After decades of working as a consultant to large commercial seafood companies, Howard Johnson wrote a white paper in the 1990s entitled, Seafood Sustainability: Why Industry Needs to get Engaged. In it, he suggested that the seafood industry needed to consider working more closely with the nascent conservation community rather than opposing their initiatives.
Johnson’s stance created a stir and the reaction worried him. Would he lose industry clients? Deciding to keep working toward sustainability behind the scenes, Johnson anonymously authored a global guide for the seafood industry that helped conservationist organizations better understand how the industry worked.
As industry players realized there was a business case for adopting sustainable practices, Johnson decided to take the leap and forge an encore career.
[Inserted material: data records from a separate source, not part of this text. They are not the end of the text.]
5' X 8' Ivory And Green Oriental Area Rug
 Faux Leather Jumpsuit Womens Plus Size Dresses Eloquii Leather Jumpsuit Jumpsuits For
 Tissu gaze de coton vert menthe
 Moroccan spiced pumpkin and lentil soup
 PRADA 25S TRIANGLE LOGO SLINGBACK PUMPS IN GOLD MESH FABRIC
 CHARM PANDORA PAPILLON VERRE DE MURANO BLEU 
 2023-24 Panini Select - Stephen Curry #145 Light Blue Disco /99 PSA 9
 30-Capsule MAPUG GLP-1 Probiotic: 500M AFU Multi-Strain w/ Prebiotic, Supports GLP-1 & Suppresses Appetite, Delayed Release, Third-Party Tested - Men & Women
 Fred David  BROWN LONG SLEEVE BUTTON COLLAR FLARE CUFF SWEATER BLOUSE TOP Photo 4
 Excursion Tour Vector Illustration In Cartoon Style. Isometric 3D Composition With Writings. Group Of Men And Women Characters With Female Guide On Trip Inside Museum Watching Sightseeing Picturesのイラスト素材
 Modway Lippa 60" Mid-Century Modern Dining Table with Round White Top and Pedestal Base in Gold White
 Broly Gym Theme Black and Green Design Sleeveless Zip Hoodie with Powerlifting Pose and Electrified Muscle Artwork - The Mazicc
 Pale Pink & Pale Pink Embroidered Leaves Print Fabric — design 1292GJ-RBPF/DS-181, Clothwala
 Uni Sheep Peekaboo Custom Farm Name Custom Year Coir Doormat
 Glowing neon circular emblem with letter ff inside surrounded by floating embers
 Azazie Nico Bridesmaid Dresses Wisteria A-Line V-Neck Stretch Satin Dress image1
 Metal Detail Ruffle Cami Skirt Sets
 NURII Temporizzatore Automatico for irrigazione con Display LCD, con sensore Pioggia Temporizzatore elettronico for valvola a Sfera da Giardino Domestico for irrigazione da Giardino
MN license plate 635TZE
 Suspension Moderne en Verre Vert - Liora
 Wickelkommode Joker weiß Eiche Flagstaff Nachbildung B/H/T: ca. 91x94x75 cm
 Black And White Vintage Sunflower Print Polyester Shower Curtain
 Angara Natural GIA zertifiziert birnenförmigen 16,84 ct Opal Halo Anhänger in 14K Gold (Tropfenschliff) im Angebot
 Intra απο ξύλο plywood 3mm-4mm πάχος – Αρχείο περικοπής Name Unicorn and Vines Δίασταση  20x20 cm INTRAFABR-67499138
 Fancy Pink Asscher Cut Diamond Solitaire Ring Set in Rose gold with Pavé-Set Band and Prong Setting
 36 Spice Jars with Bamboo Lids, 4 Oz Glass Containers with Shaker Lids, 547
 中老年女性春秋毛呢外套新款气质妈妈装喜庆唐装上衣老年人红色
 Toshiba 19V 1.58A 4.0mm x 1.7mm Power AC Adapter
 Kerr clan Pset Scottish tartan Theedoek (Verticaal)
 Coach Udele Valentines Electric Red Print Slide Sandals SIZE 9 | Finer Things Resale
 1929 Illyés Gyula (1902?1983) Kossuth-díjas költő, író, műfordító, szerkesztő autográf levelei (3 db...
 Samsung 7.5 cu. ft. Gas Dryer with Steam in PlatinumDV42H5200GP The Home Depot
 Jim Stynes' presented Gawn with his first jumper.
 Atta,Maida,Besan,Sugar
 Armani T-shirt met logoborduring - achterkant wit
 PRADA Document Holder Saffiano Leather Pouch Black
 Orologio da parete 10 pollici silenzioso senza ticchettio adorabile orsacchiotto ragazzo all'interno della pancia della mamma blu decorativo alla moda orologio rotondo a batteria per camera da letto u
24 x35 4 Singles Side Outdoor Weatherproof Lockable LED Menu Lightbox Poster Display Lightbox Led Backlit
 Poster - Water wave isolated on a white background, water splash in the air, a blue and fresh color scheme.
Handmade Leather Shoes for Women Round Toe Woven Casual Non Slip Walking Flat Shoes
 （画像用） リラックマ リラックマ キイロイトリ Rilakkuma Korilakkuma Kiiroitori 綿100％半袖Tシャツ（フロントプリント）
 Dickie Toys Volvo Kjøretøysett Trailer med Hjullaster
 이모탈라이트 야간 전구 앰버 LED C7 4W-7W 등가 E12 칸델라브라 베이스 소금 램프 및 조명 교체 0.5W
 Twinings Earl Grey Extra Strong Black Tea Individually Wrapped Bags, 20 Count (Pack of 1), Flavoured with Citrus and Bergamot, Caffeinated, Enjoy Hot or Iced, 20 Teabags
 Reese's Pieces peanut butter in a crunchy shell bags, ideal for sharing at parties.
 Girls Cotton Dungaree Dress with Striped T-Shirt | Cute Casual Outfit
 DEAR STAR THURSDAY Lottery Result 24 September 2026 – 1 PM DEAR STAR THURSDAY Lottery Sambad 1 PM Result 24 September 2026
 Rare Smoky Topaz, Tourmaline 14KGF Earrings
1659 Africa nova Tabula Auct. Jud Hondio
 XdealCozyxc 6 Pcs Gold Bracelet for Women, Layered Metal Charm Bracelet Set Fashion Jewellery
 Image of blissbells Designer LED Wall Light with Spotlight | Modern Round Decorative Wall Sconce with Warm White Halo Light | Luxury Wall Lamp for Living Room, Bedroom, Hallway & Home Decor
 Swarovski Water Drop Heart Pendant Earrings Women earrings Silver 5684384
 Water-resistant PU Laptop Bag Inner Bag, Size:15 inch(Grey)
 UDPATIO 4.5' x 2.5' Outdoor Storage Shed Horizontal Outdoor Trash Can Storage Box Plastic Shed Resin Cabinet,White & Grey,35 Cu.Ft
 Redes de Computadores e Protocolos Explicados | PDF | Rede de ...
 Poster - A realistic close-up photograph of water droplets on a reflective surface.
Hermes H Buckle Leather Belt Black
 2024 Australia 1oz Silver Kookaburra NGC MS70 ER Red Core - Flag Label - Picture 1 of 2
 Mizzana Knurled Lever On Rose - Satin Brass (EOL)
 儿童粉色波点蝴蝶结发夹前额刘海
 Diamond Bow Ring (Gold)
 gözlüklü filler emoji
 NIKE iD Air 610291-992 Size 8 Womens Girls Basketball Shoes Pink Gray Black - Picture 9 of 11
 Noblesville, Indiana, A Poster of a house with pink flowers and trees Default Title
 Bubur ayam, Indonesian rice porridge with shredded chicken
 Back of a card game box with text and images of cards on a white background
In 2007 Jim Cannon, the CEO of the San Francisco-based Sustainable Fisheries Partnership, convinced Johnson – 25 years Cannon’s senior – that he needed Johnson’s background, contacts and knowledge to help fulfill the mission of Cannon’s newly formed nongovernmental organization.
Johnson recalls: “Many of my colleagues in the seafood industry where surprised when I shut down my consulting business and referred further business to others. However, it was the right decision.”
Traveling the world, Johnson now advises CEOs and village fisherman alike, discussing sustainability across the supply chain and helping to develop new industry guidelines.